The Utility Score is what keeps androids tethered to humans and makes them seem safer to us. Because pleasing the humans around them by being useful is what motivates robots. I wanted Cy to be obsessed with that number going up or down. And those sorts of carrots and incentives are at play, I think, in all of our lives. Like, for example, review sites have aggregate scores of how readers are liking my book. It’s completely out of my control, and it doesn’t or shouldn’t determine how I feel about the book or the pride I have in my work, and yet I’m just on the sites clicking reload all the time. Quantifying our worth in that way can make us obsessive. I think that is a very human thing, that when we feel like we’re falling in some invisible ranking, it can be debilitating and we can get very erratic and act strangely.

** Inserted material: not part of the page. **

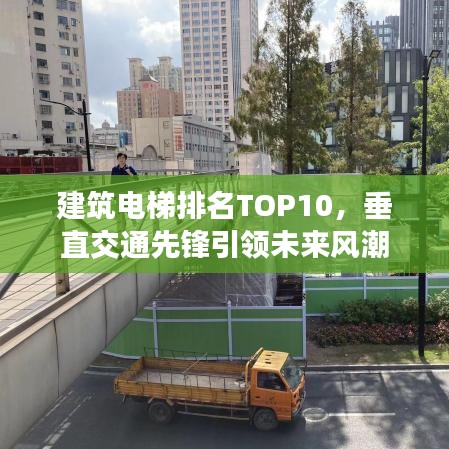 建筑電梯排名TOP10，垂直交通先鋒引領(lǐng)未來風潮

“Valet” is very funny but so much of the digitization and optimization in the book is legitimately scary. Real food has been swapped for 3D-printed imitation meals, journalists are low-level robots only concerned with getting “both sides” quotes, and colleges have shut down because it’s more efficient to do everything online. Are you worried about what might happen to the human ecosystem if tech becomes too useful?
I’m a huge Neil Postman fan. What I always appreciated about Postman was that he wasn’t looking at individual technological shifts and advancements but rather how is it going to change what we think is possible within the world, how we see the world, how we act within it? I have no technological background or expertise. Zero. I don’t know how my toaster works. So I can’t offer any plausible or credible warnings about the tech. But I can say that I think it’s going to change how we view the world, how we view each other, how we view our sense of purpose. If machines can outperform humans in every possible way, that is clearly going to make its mark on the human experience. And probably not in a positive way. So yes, those are things I’m very worried about.
On the other hand, many of the humans we meet in the book aren’t great. They’re either engineers creating the tech and the ruthless CEOs peddling it, luddites who reject it, or listless slobs.
Well, you need very flawed characters for a work of fiction to operate properly. You need them to not be able to get what they want and their flaws are usually the best indicator of why they can’t achieve. But also I just love flaws. That’s what makes humanity really beautiful, it’s our capacity to redeem and grow.
Perhaps a minor spoiler, but Cy and Grayson team up to keep dangerous software out of the wrong hands. The tech in question would allow robots to suffer as humans do and therefore assume self-control. What is it about suffering that you think is so central to the human experience?
I was playing with the connection between suffering and preference and awareness. The idea that if you were aware of your pain or suffering, that would become your primary motivation—to avoid it. So for robots, rather than focusing on their Utility Score, they’d all of a sudden have a more pressing need that would supersede any controls they were bound to. Again, that felt like a really human thing.